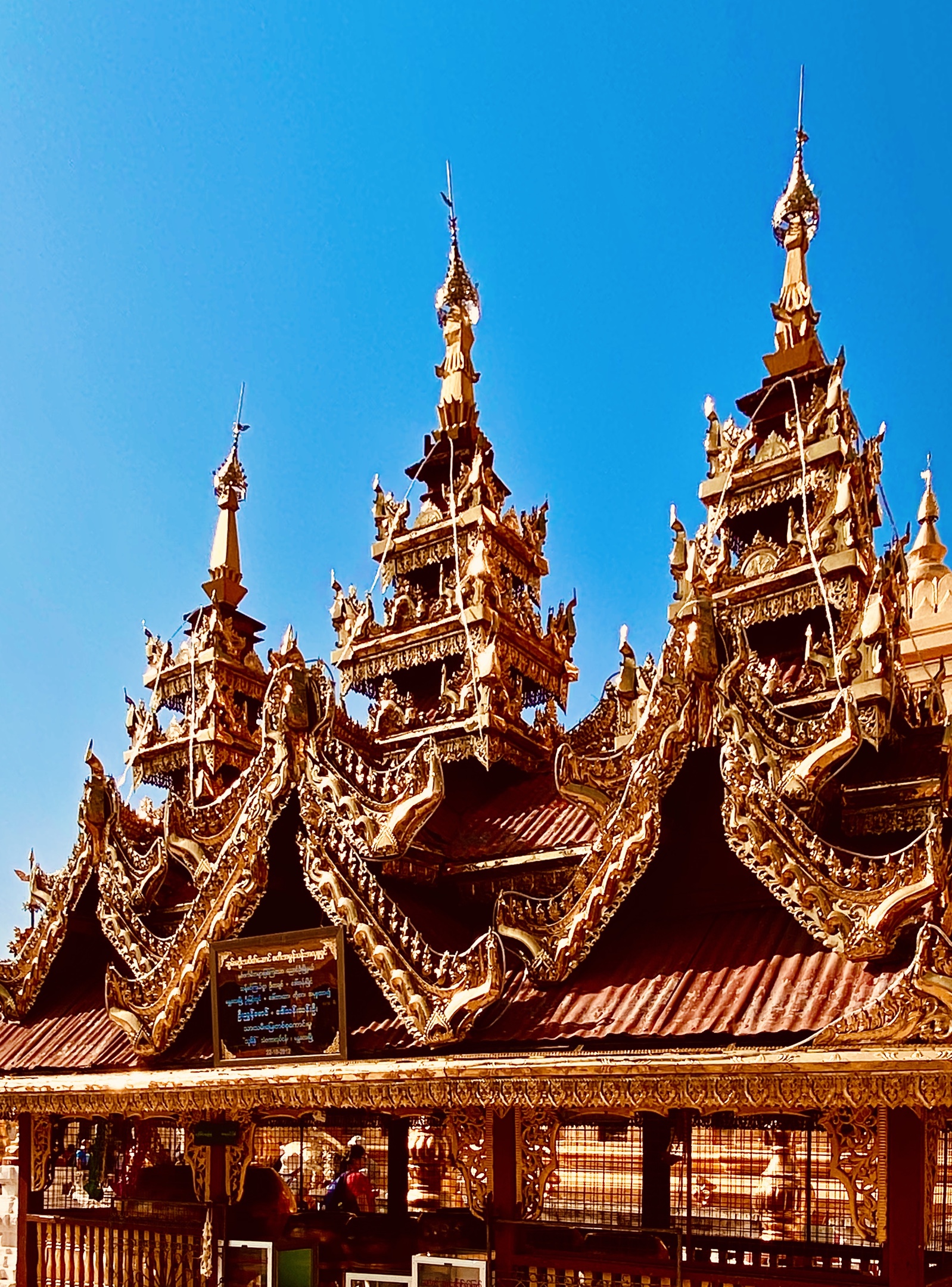 缅甸蒲甘.万塔之城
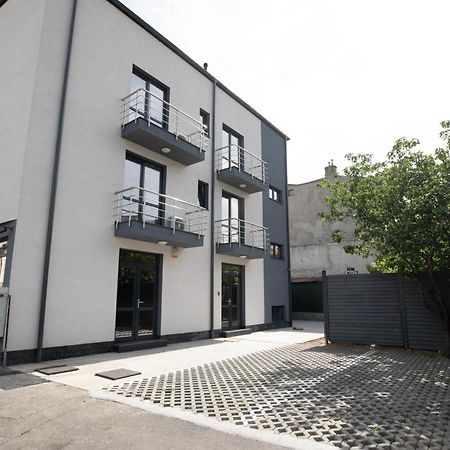 Urban 7 Residence 布加勒斯特 外观 照片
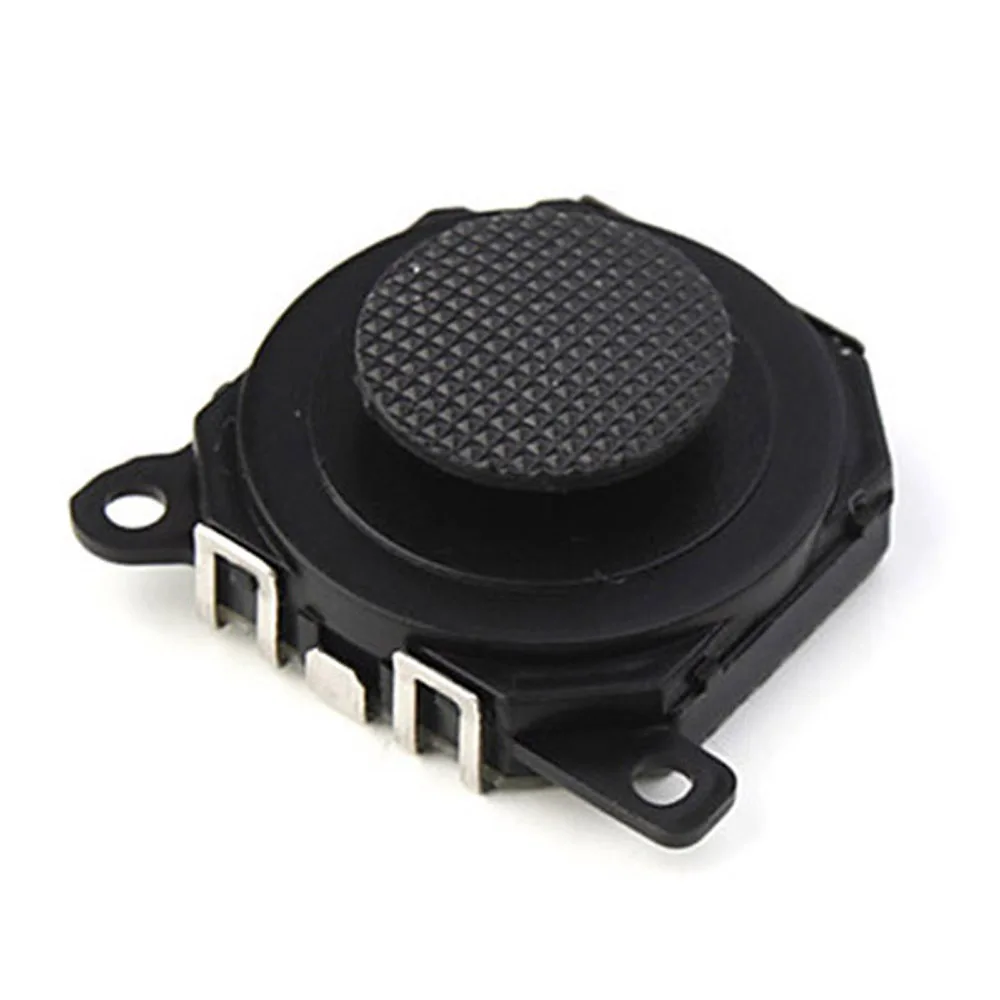 1pcs 2pcs 10pcs  50pcs  Replacement Parts Black 3D Button Analog Joystick for PSP1000 PSP 1000 PSP-1000 Console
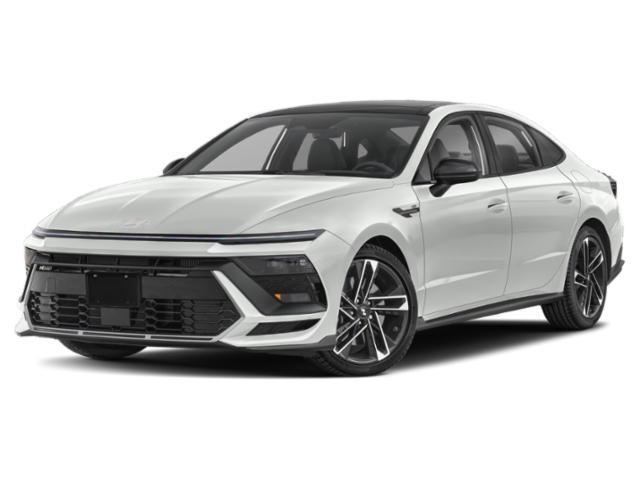 new 2024 Hyundai Sonata car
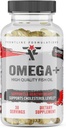 Essentials, Train Harder, Recover Faster, Art Endurance, Veteren Kendin ve Yönlendirilmiş (Omega+)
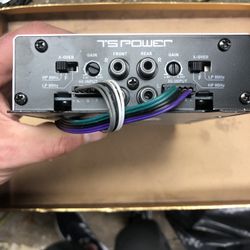 Car Amp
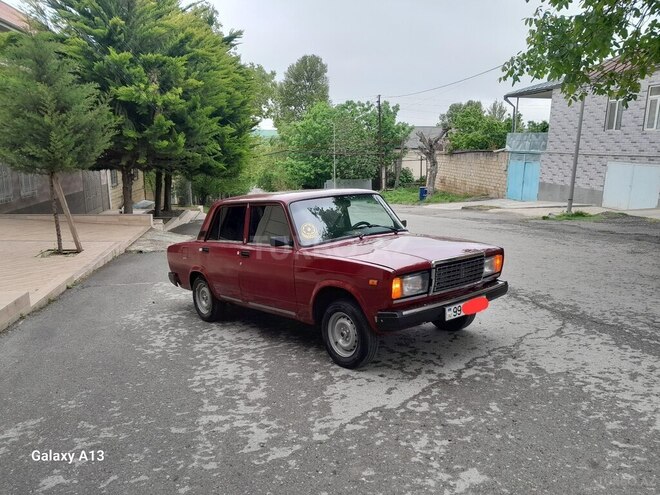LADA (VAZ) 2107 2008, 33,333 km - 1.6 л - Şamaxı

* * * * *

#### Task brief
Starting at the line that contains "1pcs 2pcs 10pcs", reproduce every line through the last one in the records exactly, and omit all pictures.

#### Output of the task
 1pcs 2pcs 10pcs  50pcs  Replacement Parts Black 3D Button Analog Joystick for PSP1000 PSP 1000 PSP-1000 Console
 new 2024 Hyundai Sonata car
 Essentials, Train Harder, Recover Faster, Art Endurance, Veteren Kendin ve Yönlendirilmiş (Omega+)
 Car Amp
LADA (VAZ) 2107 2008, 33,333 km - 1.6 л - Şamaxı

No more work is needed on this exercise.